Reproduce word for word every line from the one containing "Volvo XC40 13 of 23" through the end of the listing below; omit the pictures.
*** Dataset extract
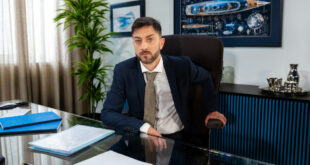 Carlo Caracciolo è Gennaro a Un posto al sole / foto RAI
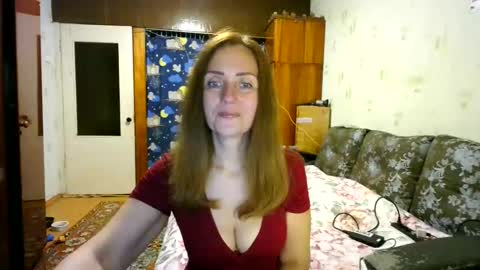 Snapshot of juliaa_foxi chatting on 09.24.25 juliaa_foxi online show from 09.24.25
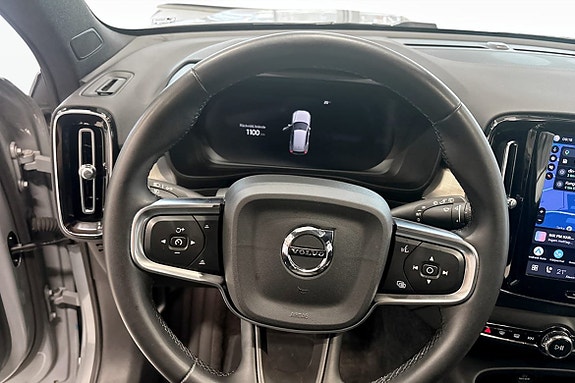 Volvo XC40 13 of 23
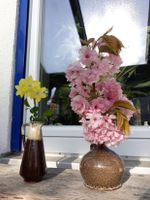 Zwei schöne dekorative Vasen mit Henkel tolle Formen u. Farben Bayern - Gersthofen Vorschau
******
## Your response
 Volvo XC40 13 of 23
 Zwei schöne dekorative Vasen mit Henkel tolle Formen u. Farben Bayern - Gersthofen Vorschau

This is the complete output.